## TASK GOAL
With pictures left out, copy exactly every line from the one containing "características de saturno em gêmeos" through the end of the material.

## SOURCE INFORMATION
######

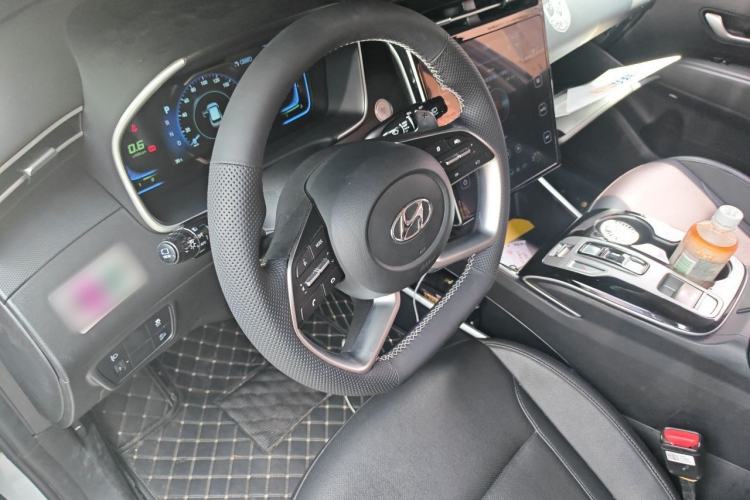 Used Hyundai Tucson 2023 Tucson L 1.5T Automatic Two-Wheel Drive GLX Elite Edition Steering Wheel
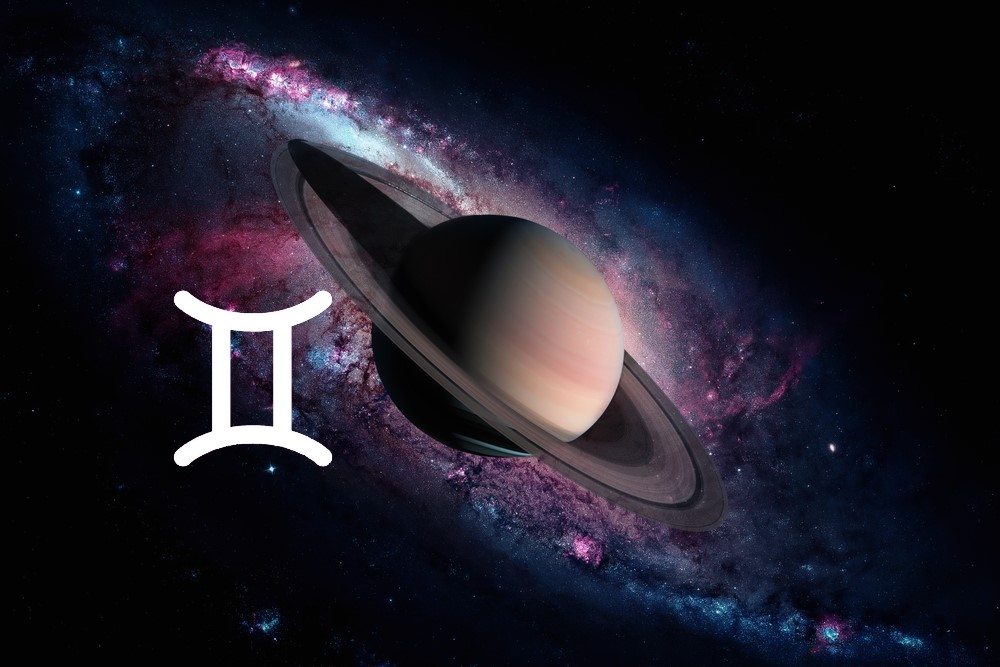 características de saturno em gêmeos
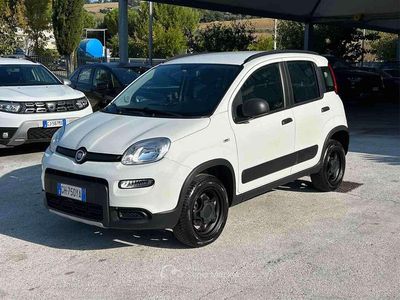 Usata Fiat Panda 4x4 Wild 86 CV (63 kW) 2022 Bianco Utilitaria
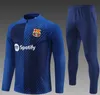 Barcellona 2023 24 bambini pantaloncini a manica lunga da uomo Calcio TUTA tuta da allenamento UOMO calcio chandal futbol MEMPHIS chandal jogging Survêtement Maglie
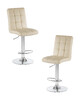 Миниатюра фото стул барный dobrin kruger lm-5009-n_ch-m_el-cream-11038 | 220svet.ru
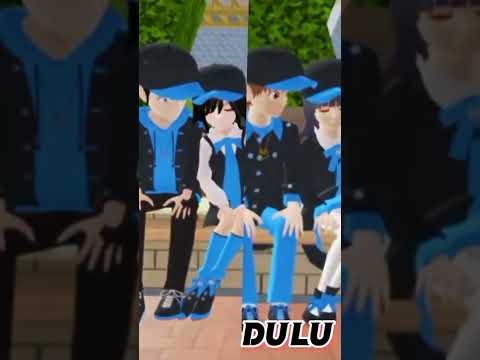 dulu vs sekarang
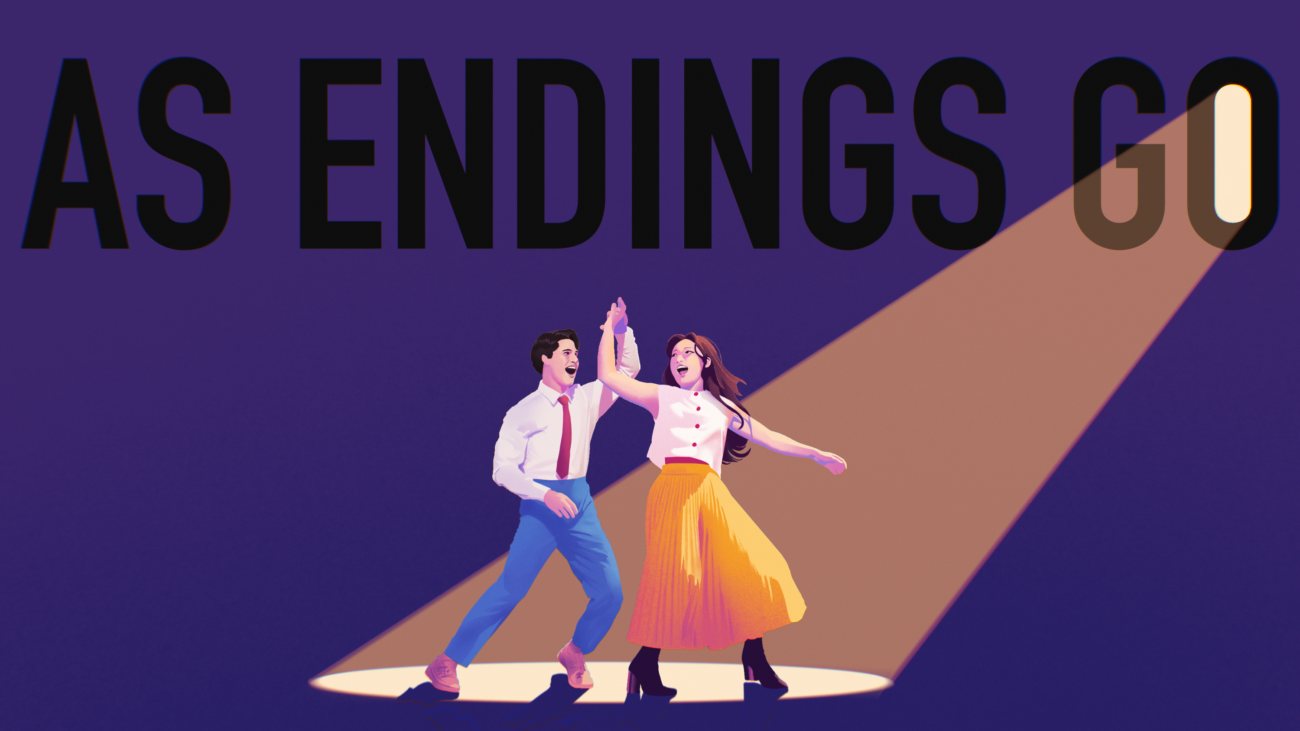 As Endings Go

######

## EXERCISE RESULT
 características de saturno em gêmeos
 Usata Fiat Panda 4x4 Wild 86 CV (63 kW) 2022 Bianco Utilitaria
 Barcellona 2023 24 bambini pantaloncini a manica lunga da uomo Calcio TUTA tuta da allenamento UOMO calcio chandal futbol MEMPHIS chandal jogging Survêtement Maglie
 Миниатюра фото стул барный dobrin kruger lm-5009-n_ch-m_el-cream-11038 | 220svet.ru
 dulu vs sekarang
 As Endings Go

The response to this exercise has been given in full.